The project files are included below:

main.py

from simple_rl.run_experiments import run_agents_on_mdp
from simple_rl.tasks import GridWorldMDP
from simple_rl.agents import QLearningAgent

import context
import rlang
from rlang.agents import RLangQLearningAgent


def create_mdp():
    # MDP parameters
    width, height = 6, 6
    lava_locs = [(3, 2), (1, 4), (2, 4), (2, 5)]
    walls = [(3, 1)]
    goal_locs = [(5, 1)]

    mdp = GridWorldMDP(width, height, walls=walls, lava_locs=lava_locs, goal_locs=goal_locs, slip_prob=0.0,
                       step_cost=0)
    states = list()
    for w in range(mdp.width):
        for h in range(mdp.height):
            states.append((w, h))

    return mdp, states


def simple_experiment():
    mdp, states = create_mdp()
    agent = QLearningAgent(mdp.get_actions())
    run_agents_on_mdp([agent], mdp)


def rlang_experiment():
    # We need to know these MDP and Q Learning parameters
    mdp, states = create_mdp()

    # Parse RLang program into knowledge object
    knowledge = rlang.parse_file("gridworld.rlang")
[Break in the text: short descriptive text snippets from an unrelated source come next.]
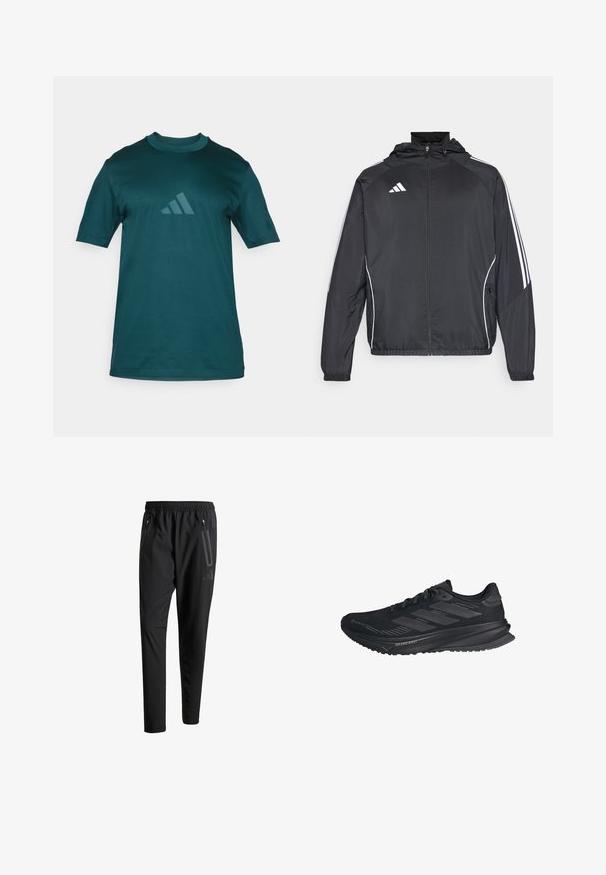 Črna športna jakna s kapuco, z belimi črtami ob rokavih in z zadrgo spredaj. Narejena iz gladkega, lahkega materiala.; Tirkizna majica kratkih rukava od gladke tkanine z dobro vidnim, toniranim Adidasovim logotipom na prsih ter okroglim izrezom.; Črne športne hlače z elastičnim pasom, dvema žepoma na zadrgo ob strani, zoženimi hlačnicami in diskretnim logotipom na boku.; Črne tekaške čevlje Adidas z Gore-Tex zgornjim delom, tremi črtami na strani in napisom "Dreamstrike" na podplatu, prikazane s stranske strani.
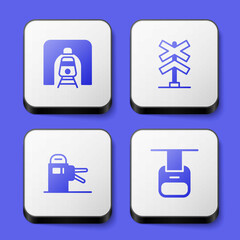 Obraz premium Set Train in railway tunnel, Railroad crossing, Turnstile and Cable car icon. White square button. Vector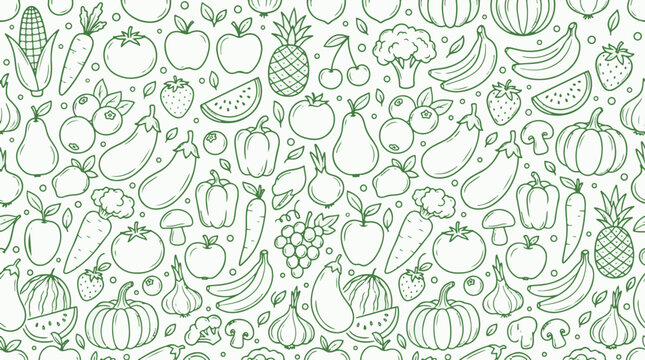 Seamless vector pattern featuring minimalist green outline doodles of various fruits and vegetables, creating a detailed background texture perfect for healthy food and grocery branding.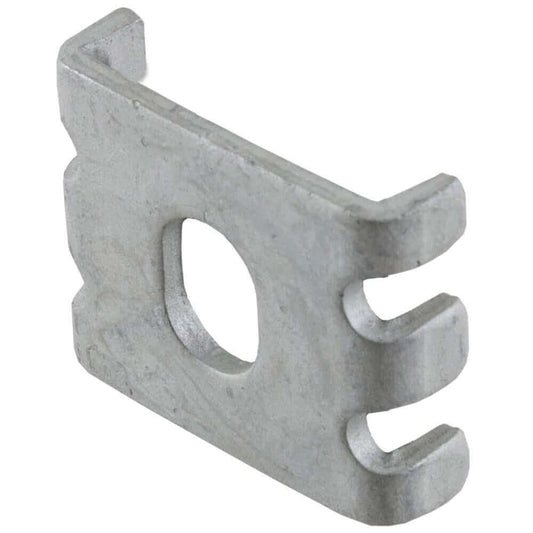 Mesh clip for 358 mesh, ideal for connecting panels to brickwork, available in 42.4mm and 48.3mm sizes.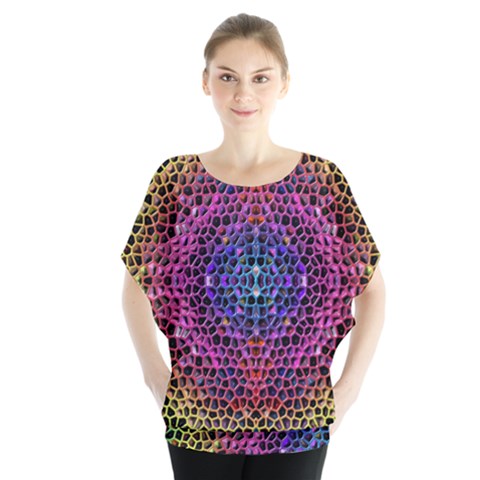 Background Image Decorative Batwing Chiffon Blouse by Pakrebo
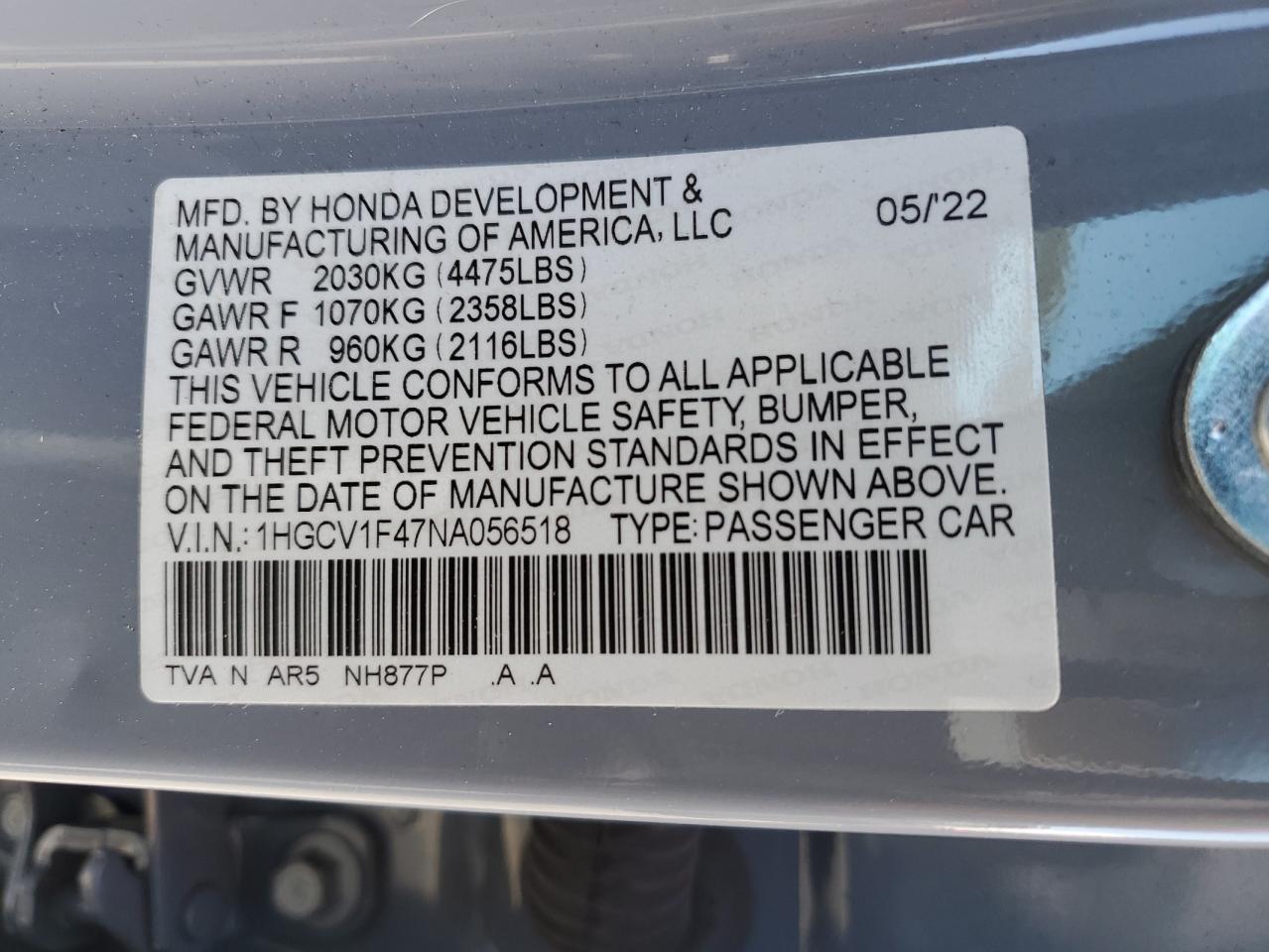 1HGCV1F47NA056518 2022 Honda Accord Sport Se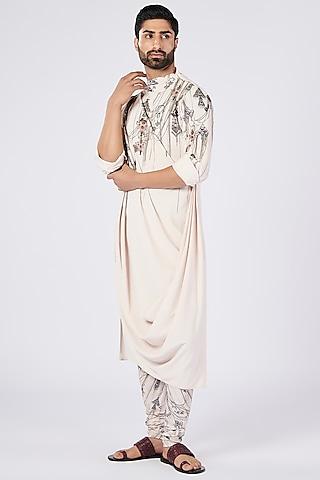 off-white crepe jersey printed asymmetrical draped kurta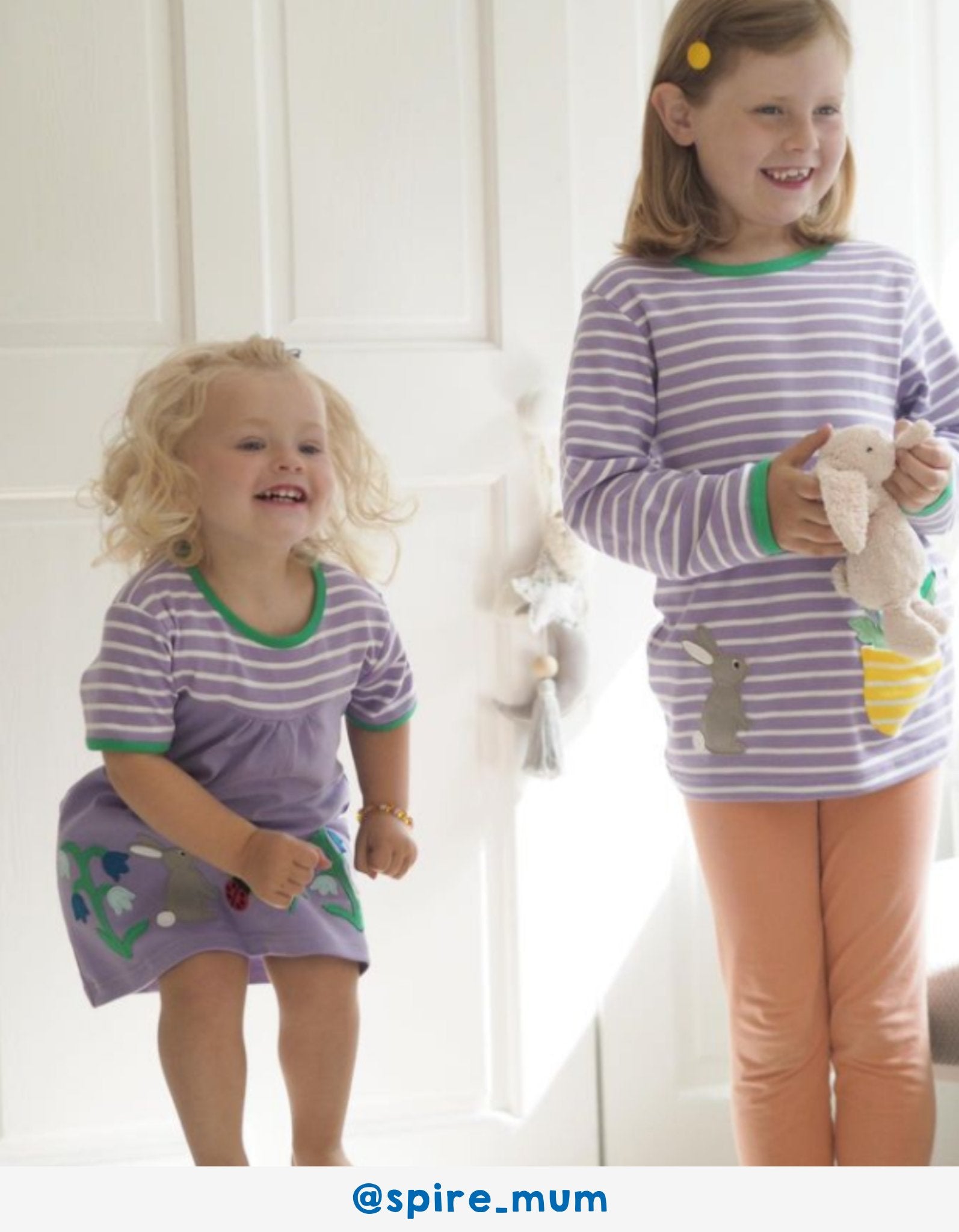 Organic Kids T-Shirt Dress with Spring Floral Appliques and Striped Top in Lilac and Green by Toby Tiger at brixbailey.com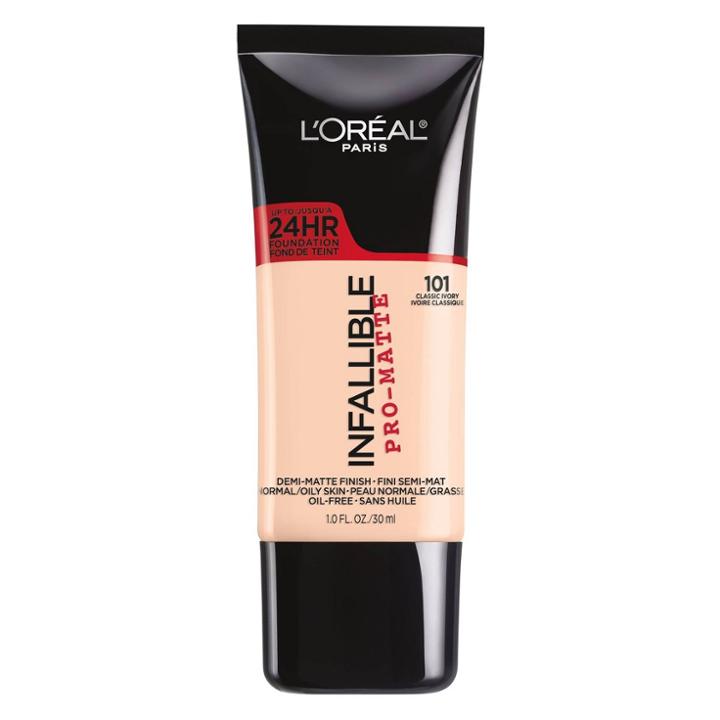L'oreal Paris Infallible Pro-matte Foundation 102 Shell Beige 1 Fl Oz, White Beige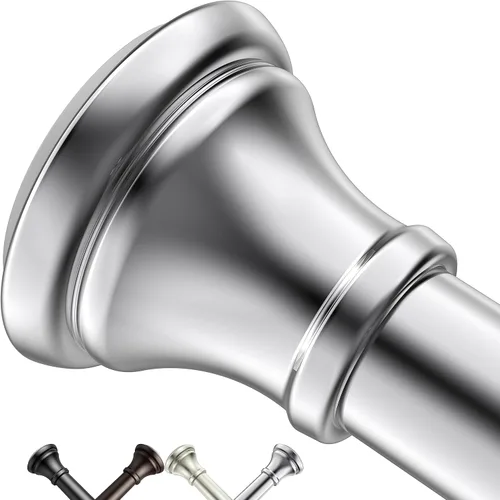 Vista 7 de Black Tension Shower Curtain Rod – Adjustable 18-39 Inches, Fits 20-38 Inch Spaces, No Drill Rust Resistant Spring Rod for Bathroom, Kitchen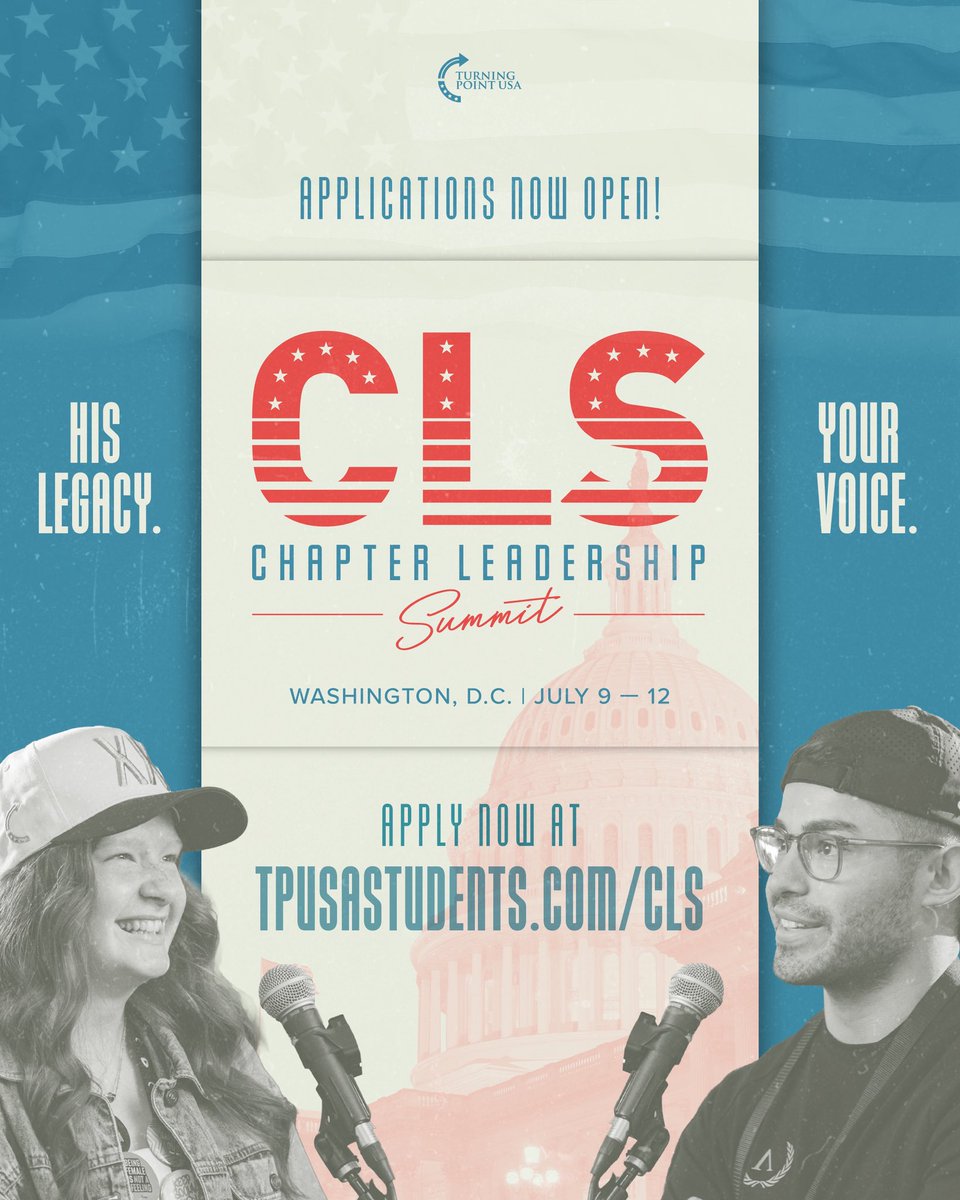 CHAPTER LEADERS! This one is for YOU! 🫵

CLS 2026 IS COMING TO WASHINGTON, D.C. 

Join us July 9–12 for the 10th Annual Chapter Leadership Summit for the most patriotic CLS ever.

You DON’T want to miss this exclusive opportunity. 

Apply today ➡️➡️ tpusastudents.com/cls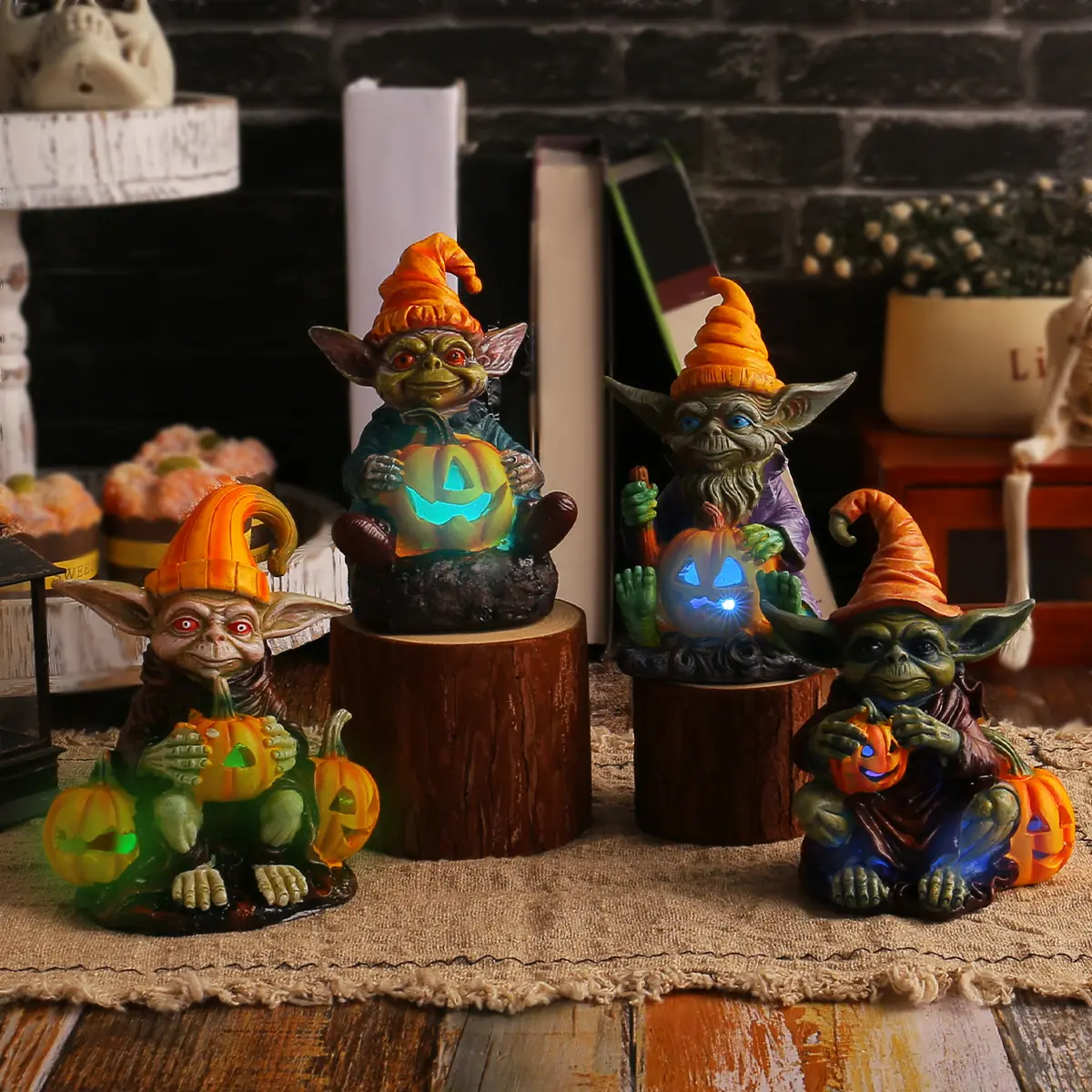 FuRise Halloween Pumpkin Elf Resin Figurine – Light-Up Desktop Gnome with Replaceable Button Battery for Spooky Home & Party Decor, halloween gnome figurine, pumpkin elf light decor, resin halloween decoration, spooky gnome with light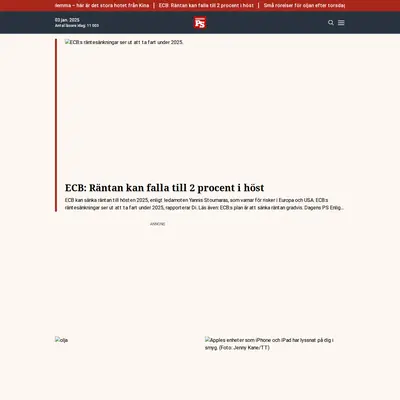 Dagens PS, www.dagensps.se startsida 2025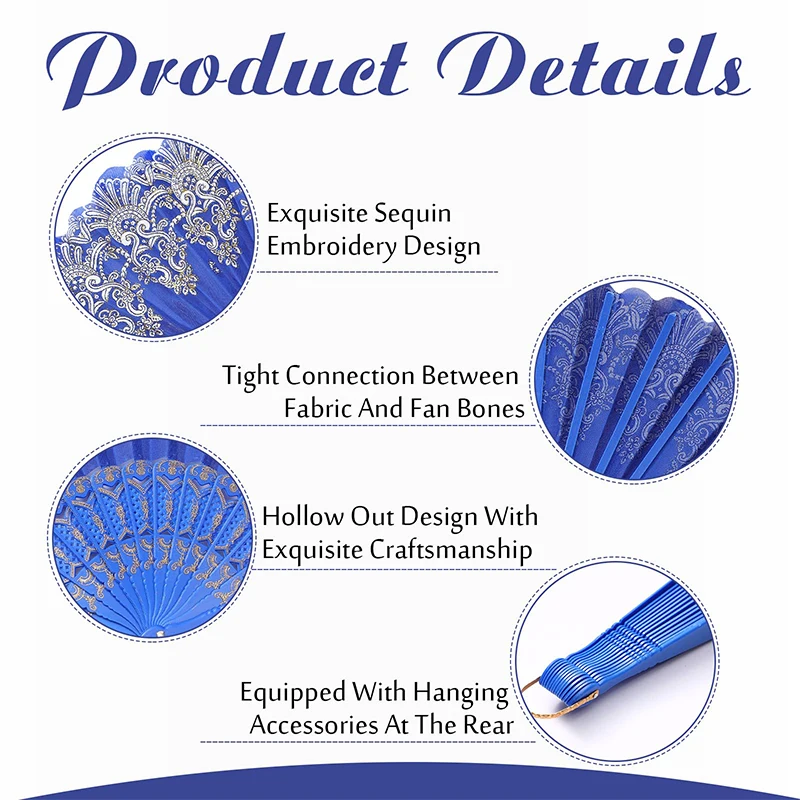 1 قطعة مروحة يدوية رائعة بإطار بلاستيكي عتيق مروحة قابلة للطي مروحة محمولة لرقصات الزفاف #2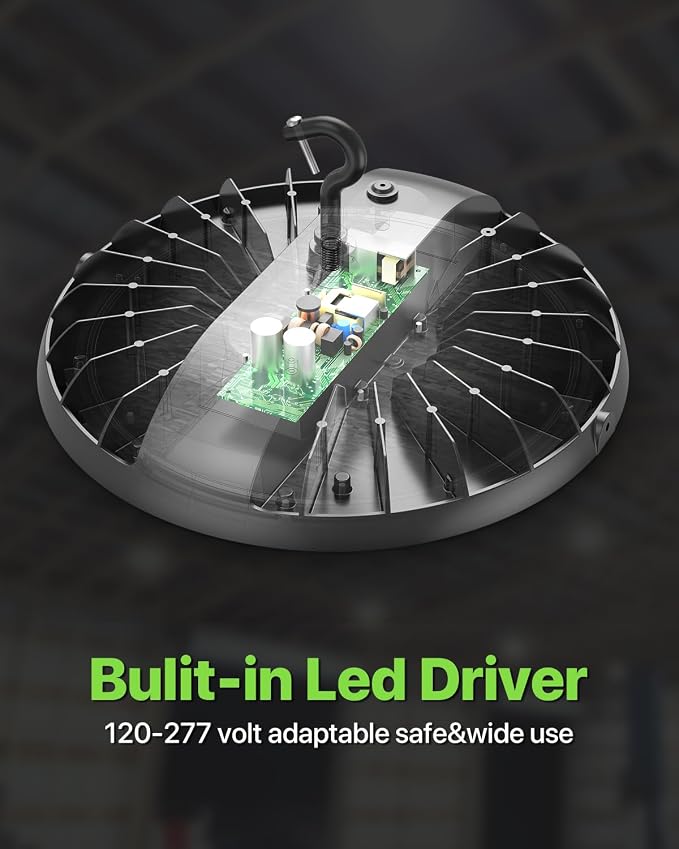 150W UFO LED High Bay Light 6-Pack 150LM/W 22, 500LM High Bay Led Shop Lights - Image 5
    # Create a baseline Q-Learning agent
    agent = QLearningAgent(mdp.get_actions())

    # Create RLang Q-Learning agent
    rlang_agent = RLangQLearningAgent(
        actions=mdp.get_actions(), states=states, knowledge=knowledge)

    # Compare performance of agents on mdp
    run_agents_on_mdp([agent, rlang_agent], mdp)


if __name__ == '__main__':
    rlang_experiment()

gridworld.rlang

# To start, we imported a vocabulary file contains metadata on the MDP
# and references to additional RLang groundings.

import "vocab.json"

# The position of the agent as well as its x and y coordinates are defined
# as Factors, each representing a portion of the state space.

Factor position := S[0, 1]
Factor x := position[0]
Factor y := position[1]

Constant lava_locs := [[3, 2], [1, 4], [2, 4], [2, 5]]

Proposition reached_goal := x == 5 and y == 1 
Proposition reached_wall := x == 3 and y == 1
Proposition in_lava := position in lava_locs

# The following Actions correspond to four 
# discrete actions the agent can take:
#   0 - move up
#   1 - move down
#   2 - move left
#   3 - move right

Action up := 0
Action down := 1
Action left := 2
Action right := 3

# The predicted consequence of each of these actions is 
# specified using an Effect: the position of the agent in the next state 
# and the next state itself will update accordingly.

Effect action_effect:
    if A == up:
        position' -> position + [0, 1]
        S' -> S + [0, 1]
    elif A == down:
        position' -> position + [0, -1]
        S' -> S + [0, -1]
    elif A == left:
        position' -> position + [-1, 0]
        S' -> S + [-1, 0]
    elif A == right:
        position' -> position + [1, 0]
        S' -> S + [1, 0]


# A reward of 1 is given for reaching the goal coordinates,
# and -1 for moving on lava. 
# The following Effect references the previously defined Propositions.

Effect main:
    if in_lava:
        Reward -1
    if reached_goal:
        Reward 1
    if reached_wall:
        S' -> S     # state remains the same.
    else:
        -> action_effect

vocab.json

{
  "domain": "gridworld",
  "mdp_metadata": {
    "state_space": {
      "size": 2,
      "dtype": "int"
    },
    "action_space": {
      "shape": 1,
      "dtype": "int"
    }
  }
}

*: For a full list of groundings, see RLang Language Reference.